I was thinking about doing the play again and did some research on it. I stumbled on descriptions of my own production and it was as alien to me as other people's productions. I thought, "Wow, did I really do that?" There were photographs of it and I couldn't remember where it had come from. I think that is one of the wonderful gifts of this play. It is a Chinese box of a play. "Infinite riches in a little room," in Christopher Marlowe's phrase [in The Jew of Malta]. It really is the most haiku-like of his plays. There aren't very many signs pointing the way for you and that's its glorious strength and its challenge.
Goold: Not at a racial level. I suppose I felt the play had become a vessel for postcolonial readings through the twentieth century and that this was always liable to compromise the ethereal sense of magic in the play. Caliban and Ariel are, after all, magical creatures. That said, the idea of the Arctic--a shifting, evaporating, oft-claimed but never owned environment--did interest me. That just as Prospero's vengeance melts away, so maybe does his island, and so the equating of territory with conflict became metaphorical.
When Gonzalo talks about the "golden age" and how he would govern the isle, he is teased by the other characters. Do you think it's essential that he should be regarded by the audience as a man of great dignity, a kind of moral center, or can we share in the mockery?
Brook: Gonzalo: Always in Shakespeare opposites coexist. The man of peace has an ideal, it needs to be felt as real--and at the same time he is completely out of touch with reality. So he's both touching and comic, like so many well-meaning dreamers.
Mendes: I think as always with a Shakespeare play that both are true. At times he's a boring old buffoon. Yet he's a very, very kind man who has saved Prospero. I think it's dangerous to make him merely one or the other. In that respect it's a three-dimensional portrait.
Goold: Both, surely. The jokes are funny and should be, as should Gonzalo's optimism in the face of catastrophe, but I think his handling of Alonso in particular shows a very shrewd and sensitive man.
Conversely, are Stephano and Trinculo just drunken clowns, or is there more to their role in the drama?
Brook: Stephano, Trinculo, and the plot to murder Prospero are a vital part of the dark underworld of the play which must be there to balance its fun, charm, and lightness.
Mendes: I think Jan Kott [in his classic study Shakespeare Our Contemporary] makes the point that they are a distorted version of the central story of the play. They play out a vaudevillian version of the king-making central plot. You get a sense of the subplot echoing the main plot, parodying those other characters. It also allows us to review the central plot, when we return to it, with greater clarity. So their purpose in the play is important. If you took them out of the play it would actually destroy it, because what they do in unlocking Caliban and making him aware of the "glories of drink" has a lot to do with one's understanding of the nature of master-servant relationships and what "freedom" means.

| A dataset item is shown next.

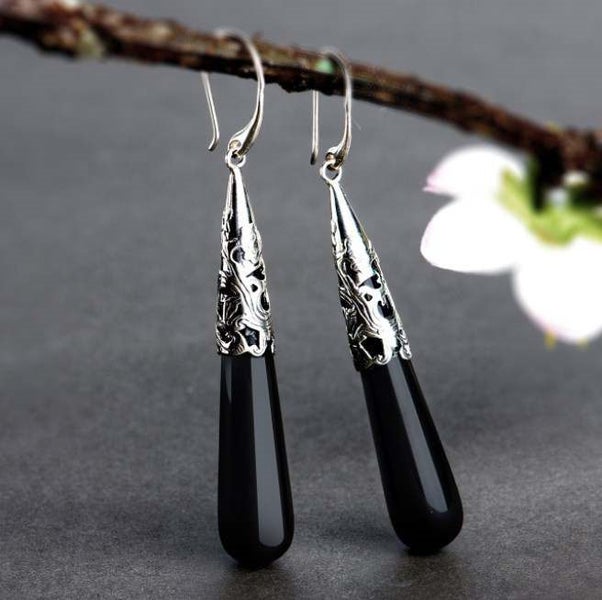 925 Sterling Silver Black Drop Earrings "Liliana Carousel 2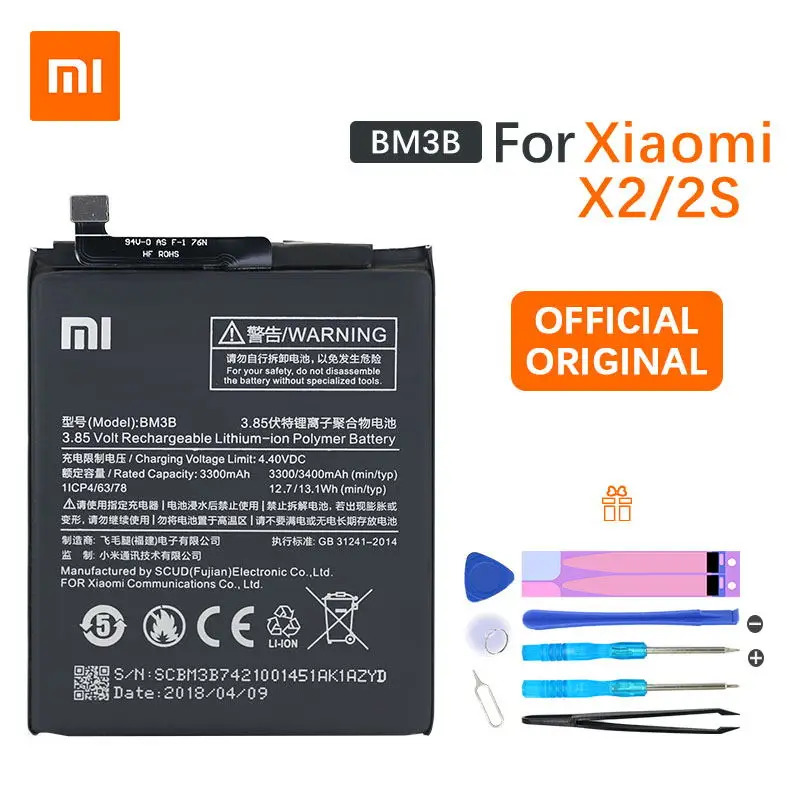 Оригинальный аккумулятор Xiaomi BM3B 3400 мАч для MIX 2 2S Высококачественный Сменный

With the subject, I tried to push that sense in which no one is ever fully able to control their subjects a little further. I made Trinculo (played by David Bradley) into a ventriloquist with a dummy dressed exactly like he was. When Ariel possesses Trinculo and makes him speak with Prospero's voice he possessed his ventriloquist's dummy instead. So again there was another version of the master unable to control his subject or the director unable to control his actors theme. We explored that to great length, particularly with Ariel. How nobody is a willing subject. Ultimately there is no such thing as a person who doesn't want on some level to control their own life and therefore to hold power. In that respect, going back to your earlier question, Gonzalo becomes a sort of a hero because he's the only person in the play who is willingly a subject.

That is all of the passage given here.